Why is COBRA more expensive than employer-sponsored insurance? COBRA is more expensive because the individual is responsible for the entire premium amount without the employer's financial contribution that is provided during active employment.

Can you go on COBRA twice?

It may be possible for qualified beneficiaries to extend their original 18-month period of COBRA continuation coverage for an additional 18 months (for a total maximum coverage period of 36 months) if they experience a second qualifying event. Second qualifying events are: Death of the covered employee.

What is the difference between federal COBRA and cal COBRA?

Federal COBRA generally extends health coverage for 18 months. Individuals with certain qualifying events may be eligible for a longer extension (e.g., 29 or 36 months). Cal-COBRA allows individuals to continue their group health coverage for up to 36 months.

How to extend COBRA coverage?

Qualifying events

Must occur within 18- or 29-month coverage period. Must be reported within 60 days of the second qualifying event. Qualified beneficiary must report event to COBRA administrator on the Notice to Extend COBRA Continuation Coverage.

Can COBRA be extended due to disability?

To be eligible for an extension, your disability must continue for the rest of the 18-month period of COBRA coverage. Contact your plan for more information on receiving an extension.

What happens when an employee goes on long-term disability?

In California, specific regulations prevent employers from setting a predetermined termination date based on a lengthy disability leave. Instead, the duration of LTD benefits and employment status while on leave is influenced by the individual's policy and the nature of their contract with the employer.

Can I keep COBRA for 36 months?

COBRA insurance typically lasts 18 months for employees, up to 36 months for dependents, and can be extended to 29 months for those with a qualifying disability.

What is the 60 day loophole for COBRA?

Once your employment ends, you have 60 days to elect COBRA coverage with your former employer. Some people all this the “60 day loophole for COBRA.” COBRA is retroactive, which means that it begins the day after your employer coverage ends.

How does COBRA work after leaving a job?

COBRA coverage lets you pay to stay on your job-based health insurance for a limited time after your job ends (usually 18 months). You usually pay the full premium yourself, plus a small administrative fee. Contact your employer to learn about your COBRA options.

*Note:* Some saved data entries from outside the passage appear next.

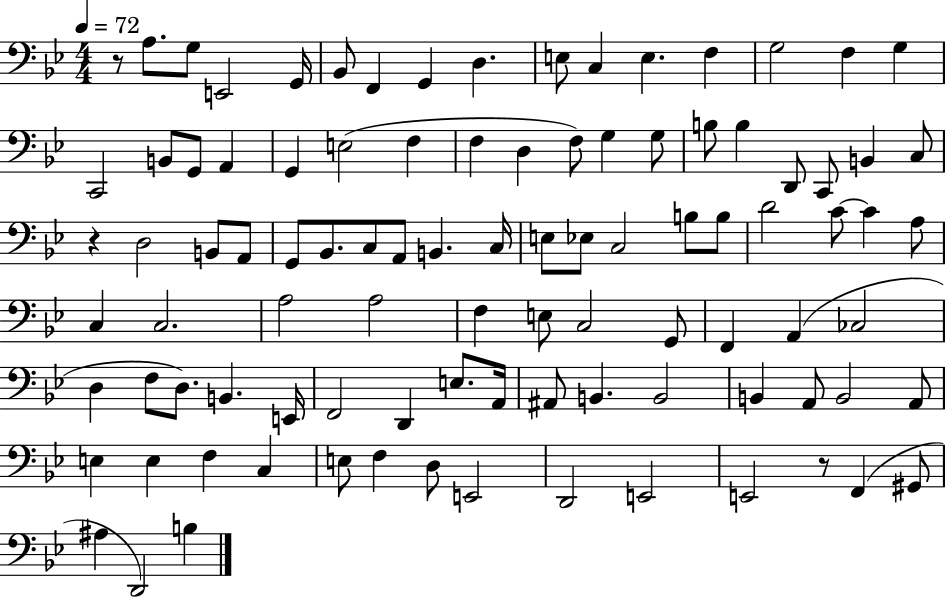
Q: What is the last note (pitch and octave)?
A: B3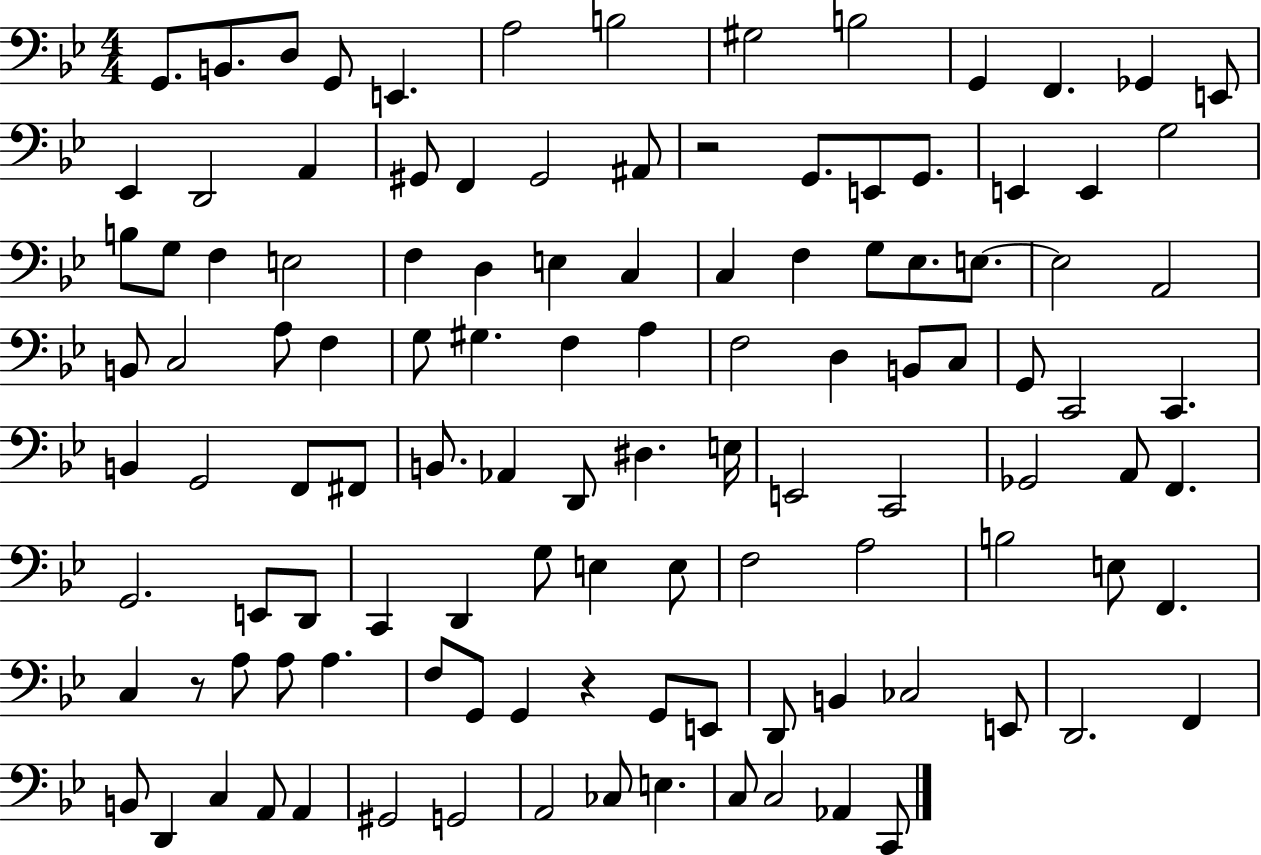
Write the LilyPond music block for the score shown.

{
  \clef bass
  \numericTimeSignature
  \time 4/4
  \key bes \major
  \repeat volta 2 { g,8. b,8. d8 g,8 e,4. | a2 b2 | gis2 b2 | g,4 f,4. ges,4 e,8 | \break ees,4 d,2 a,4 | gis,8 f,4 gis,2 ais,8 | r2 g,8. e,8 g,8. | e,4 e,4 g2 | \break b8 g8 f4 e2 | f4 d4 e4 c4 | c4 f4 g8 ees8. e8.~~ | e2 a,2 | \break b,8 c2 a8 f4 | g8 gis4. f4 a4 | f2 d4 b,8 c8 | g,8 c,2 c,4. | \break b,4 g,2 f,8 fis,8 | b,8. aes,4 d,8 dis4. e16 | e,2 c,2 | ges,2 a,8 f,4. | \break g,2. e,8 d,8 | c,4 d,4 g8 e4 e8 | f2 a2 | b2 e8 f,4. | \break c4 r8 a8 a8 a4. | f8 g,8 g,4 r4 g,8 e,8 | d,8 b,4 ces2 e,8 | d,2. f,4 | \break b,8 d,4 c4 a,8 a,4 | gis,2 g,2 | a,2 ces8 e4. | c8 c2 aes,4 c,8 | \break } \bar "|."
}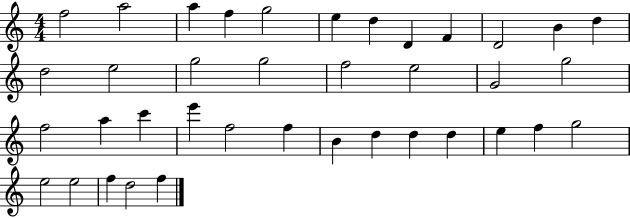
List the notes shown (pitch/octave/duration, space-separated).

F5/h A5/h A5/q F5/q G5/h E5/q D5/q D4/q F4/q D4/h B4/q D5/q D5/h E5/h G5/h G5/h F5/h E5/h G4/h G5/h F5/h A5/q C6/q E6/q F5/h F5/q B4/q D5/q D5/q D5/q E5/q F5/q G5/h E5/h E5/h F5/q D5/h F5/q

How long does COBRA continue?

COBRA is temporary. It gives you time to find another health plan or covers you until your next employer plan kicks in, like when you start a new job. Federal coverage lasts 18 months but may extend up to 36 months if you have a second “qualifying event.” For instance, a divorce or death of a spouse.

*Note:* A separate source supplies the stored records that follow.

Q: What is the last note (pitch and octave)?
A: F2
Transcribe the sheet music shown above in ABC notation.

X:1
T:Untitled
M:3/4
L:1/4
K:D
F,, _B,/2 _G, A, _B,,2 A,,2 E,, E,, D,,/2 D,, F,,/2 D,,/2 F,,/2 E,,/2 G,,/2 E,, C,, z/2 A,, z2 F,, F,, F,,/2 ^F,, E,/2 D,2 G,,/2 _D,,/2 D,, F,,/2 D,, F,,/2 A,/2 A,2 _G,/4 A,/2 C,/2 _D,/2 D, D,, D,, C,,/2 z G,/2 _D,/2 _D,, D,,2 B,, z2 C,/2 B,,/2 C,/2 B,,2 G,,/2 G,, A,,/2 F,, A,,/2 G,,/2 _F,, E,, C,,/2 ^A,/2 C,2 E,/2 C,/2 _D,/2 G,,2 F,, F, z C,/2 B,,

Does insurance end the day you quit?

When you leave or are let go from a job, your health insurance either expires on your last day of work or at the end of the month of your exit, says Andy Gillin, attorney and managing partner at GJEL Accident Attorneys. For example, if you quit on July 15th, your coverage usually continues until July 31st.

What is the 105 day COBRA loophole?

So, if you maxed out the 60 day election period plus the 45 day payment period, you could actually go 105 days without paying for the coverage.